Per conoscerli meglio, può essere interessante la loro storia, come ci è raccontata nelle note di copertina: nell’estate del 1999 sono in cima alla Sierra Nevada della California in cerca dell’high lonesome sound della mountain music e dopo mesi di escursioni, di scalate, di suonare e cantare insieme, trovano un nuovo suono che chiamano High Altitude California Bluegrass.
All’ascolto si potrebbe essere portati a pensare al newgrass, ma non è solo così: la loro è musica imprevedibile ed eclettica, tra il bluegrass progressivo, il folk ed il jazz, vivace, divertente ed al tempo stesso multiforme e composita, e non riesci mai ad immaginare cosa ti aspetta dopo ogni giro, dopo ogni nota.
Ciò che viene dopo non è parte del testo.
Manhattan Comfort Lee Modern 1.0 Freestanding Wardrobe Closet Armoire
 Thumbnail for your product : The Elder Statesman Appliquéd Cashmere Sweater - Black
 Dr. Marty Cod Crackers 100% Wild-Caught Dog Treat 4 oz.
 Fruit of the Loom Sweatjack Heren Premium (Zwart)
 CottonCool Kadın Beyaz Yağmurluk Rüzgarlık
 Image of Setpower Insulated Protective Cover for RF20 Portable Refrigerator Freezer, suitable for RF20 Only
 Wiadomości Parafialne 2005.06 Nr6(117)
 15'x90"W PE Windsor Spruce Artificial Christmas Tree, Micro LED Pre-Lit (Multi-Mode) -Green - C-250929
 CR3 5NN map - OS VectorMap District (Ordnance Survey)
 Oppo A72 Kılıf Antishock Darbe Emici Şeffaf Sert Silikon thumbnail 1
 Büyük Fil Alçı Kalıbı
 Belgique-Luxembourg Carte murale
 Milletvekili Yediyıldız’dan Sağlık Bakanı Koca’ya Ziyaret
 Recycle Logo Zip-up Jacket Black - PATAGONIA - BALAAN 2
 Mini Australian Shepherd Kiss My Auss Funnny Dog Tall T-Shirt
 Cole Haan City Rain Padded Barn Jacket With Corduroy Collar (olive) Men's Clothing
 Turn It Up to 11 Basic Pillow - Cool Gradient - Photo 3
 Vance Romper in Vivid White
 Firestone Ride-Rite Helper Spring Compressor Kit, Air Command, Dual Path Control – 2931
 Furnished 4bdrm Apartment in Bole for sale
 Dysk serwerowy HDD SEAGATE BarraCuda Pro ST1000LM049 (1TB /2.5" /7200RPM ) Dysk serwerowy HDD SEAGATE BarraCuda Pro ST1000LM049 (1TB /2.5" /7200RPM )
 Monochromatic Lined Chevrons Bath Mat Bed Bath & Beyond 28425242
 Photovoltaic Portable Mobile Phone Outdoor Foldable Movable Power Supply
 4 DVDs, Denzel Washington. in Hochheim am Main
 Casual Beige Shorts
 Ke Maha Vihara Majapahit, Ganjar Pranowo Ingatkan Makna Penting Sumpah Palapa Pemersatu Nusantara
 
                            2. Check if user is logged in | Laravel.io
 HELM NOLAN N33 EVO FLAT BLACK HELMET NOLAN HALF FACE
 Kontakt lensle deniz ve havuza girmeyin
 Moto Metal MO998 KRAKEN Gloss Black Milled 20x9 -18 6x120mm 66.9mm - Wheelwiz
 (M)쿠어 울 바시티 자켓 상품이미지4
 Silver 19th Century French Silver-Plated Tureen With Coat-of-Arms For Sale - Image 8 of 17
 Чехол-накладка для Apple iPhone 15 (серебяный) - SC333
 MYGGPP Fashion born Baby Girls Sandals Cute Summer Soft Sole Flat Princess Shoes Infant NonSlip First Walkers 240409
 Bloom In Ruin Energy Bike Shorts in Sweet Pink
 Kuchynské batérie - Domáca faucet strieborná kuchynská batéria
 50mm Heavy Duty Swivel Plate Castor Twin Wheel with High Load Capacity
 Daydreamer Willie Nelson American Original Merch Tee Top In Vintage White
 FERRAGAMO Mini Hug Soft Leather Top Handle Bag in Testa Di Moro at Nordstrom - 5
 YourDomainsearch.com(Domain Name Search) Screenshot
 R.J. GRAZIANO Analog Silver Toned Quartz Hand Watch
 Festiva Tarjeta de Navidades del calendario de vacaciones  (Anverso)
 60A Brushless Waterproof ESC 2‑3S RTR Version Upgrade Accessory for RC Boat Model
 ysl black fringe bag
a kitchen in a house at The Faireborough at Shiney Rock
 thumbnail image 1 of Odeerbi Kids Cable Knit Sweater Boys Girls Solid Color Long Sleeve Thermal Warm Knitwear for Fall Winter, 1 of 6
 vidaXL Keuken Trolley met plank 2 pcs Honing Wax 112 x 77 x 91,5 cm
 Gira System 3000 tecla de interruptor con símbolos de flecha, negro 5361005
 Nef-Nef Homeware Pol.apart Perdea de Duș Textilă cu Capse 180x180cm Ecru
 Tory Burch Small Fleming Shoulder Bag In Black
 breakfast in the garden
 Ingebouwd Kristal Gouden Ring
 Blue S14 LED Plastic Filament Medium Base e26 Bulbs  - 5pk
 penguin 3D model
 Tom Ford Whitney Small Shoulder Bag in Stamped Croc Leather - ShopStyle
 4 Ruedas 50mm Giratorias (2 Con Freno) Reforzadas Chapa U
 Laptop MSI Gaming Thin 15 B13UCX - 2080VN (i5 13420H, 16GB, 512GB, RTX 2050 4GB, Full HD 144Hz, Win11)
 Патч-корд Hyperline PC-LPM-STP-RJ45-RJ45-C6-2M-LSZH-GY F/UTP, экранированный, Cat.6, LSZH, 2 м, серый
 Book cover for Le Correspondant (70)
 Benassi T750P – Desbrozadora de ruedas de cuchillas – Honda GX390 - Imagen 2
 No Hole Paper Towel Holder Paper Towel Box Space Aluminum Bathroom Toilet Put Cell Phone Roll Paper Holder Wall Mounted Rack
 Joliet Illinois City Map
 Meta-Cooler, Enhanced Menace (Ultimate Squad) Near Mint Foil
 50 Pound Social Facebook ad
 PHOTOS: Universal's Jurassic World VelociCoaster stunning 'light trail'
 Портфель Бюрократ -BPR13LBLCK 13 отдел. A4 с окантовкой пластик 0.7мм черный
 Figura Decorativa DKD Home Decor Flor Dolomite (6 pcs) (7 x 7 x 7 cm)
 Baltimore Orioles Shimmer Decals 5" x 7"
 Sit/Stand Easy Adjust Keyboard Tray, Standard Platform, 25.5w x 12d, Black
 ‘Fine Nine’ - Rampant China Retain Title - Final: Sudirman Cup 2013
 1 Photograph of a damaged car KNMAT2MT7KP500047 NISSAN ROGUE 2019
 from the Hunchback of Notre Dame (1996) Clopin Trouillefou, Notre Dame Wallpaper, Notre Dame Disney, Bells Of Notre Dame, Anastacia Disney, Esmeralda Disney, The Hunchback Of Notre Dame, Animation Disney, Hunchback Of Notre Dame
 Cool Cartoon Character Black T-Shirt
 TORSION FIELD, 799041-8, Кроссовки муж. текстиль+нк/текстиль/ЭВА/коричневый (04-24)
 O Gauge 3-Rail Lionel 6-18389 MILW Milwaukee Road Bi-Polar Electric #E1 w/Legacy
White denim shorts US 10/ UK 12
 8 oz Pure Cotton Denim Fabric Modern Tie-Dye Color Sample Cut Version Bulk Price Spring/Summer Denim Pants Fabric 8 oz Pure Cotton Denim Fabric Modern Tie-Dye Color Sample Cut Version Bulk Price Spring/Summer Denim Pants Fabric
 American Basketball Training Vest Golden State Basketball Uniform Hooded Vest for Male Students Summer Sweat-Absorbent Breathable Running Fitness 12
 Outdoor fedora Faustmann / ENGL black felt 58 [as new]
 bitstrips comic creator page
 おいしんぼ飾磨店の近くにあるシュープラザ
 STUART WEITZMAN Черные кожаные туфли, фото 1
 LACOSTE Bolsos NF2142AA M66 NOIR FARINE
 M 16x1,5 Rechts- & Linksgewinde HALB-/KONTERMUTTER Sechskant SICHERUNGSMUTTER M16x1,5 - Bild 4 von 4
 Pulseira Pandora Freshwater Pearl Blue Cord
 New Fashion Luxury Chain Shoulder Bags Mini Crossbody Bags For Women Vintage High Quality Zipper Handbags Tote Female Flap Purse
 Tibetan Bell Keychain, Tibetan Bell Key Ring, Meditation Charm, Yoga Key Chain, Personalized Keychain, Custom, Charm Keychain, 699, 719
Se l’iniziale Three Point Two si può tentare di etichettare come moderno old-time, Horseshoe fa pensare subito agli Jethro Tull dei primi anni ’70 (e non solo per l’uso del flauto) ed altre cose riportano a certi New Grass Revival o a loro attuali discepoli.
Tutti i pezzi sono originali scritti da loro, tranne Old Dangerfield, un pezzo un po’ dimenticato di Bill Monroe, qui eseguito in maniera maledettamente strepitosa.
Sono in cinque, tutti virtuosi nella voce e negli strumenti, e merita citarli per nome perché li attende un luminoso futuro: Nat Keefe alla chitarra, Bryan Horne al contrabbasso, Erik Yates al flauto, banjo e accordion, Zac Matthews a mandolino e l’ultimo arrivato Aaron Redner a fiddle e mandolino.
Questo è il loro primo album in studio, preceduto da un Live At The Freight And Salvage del 2002, a questo punto da procurarsi immediatamente: se in studio sono così, figuriamoci dal vivo…
Un disco dannatamente carico di energia, originale e divertente.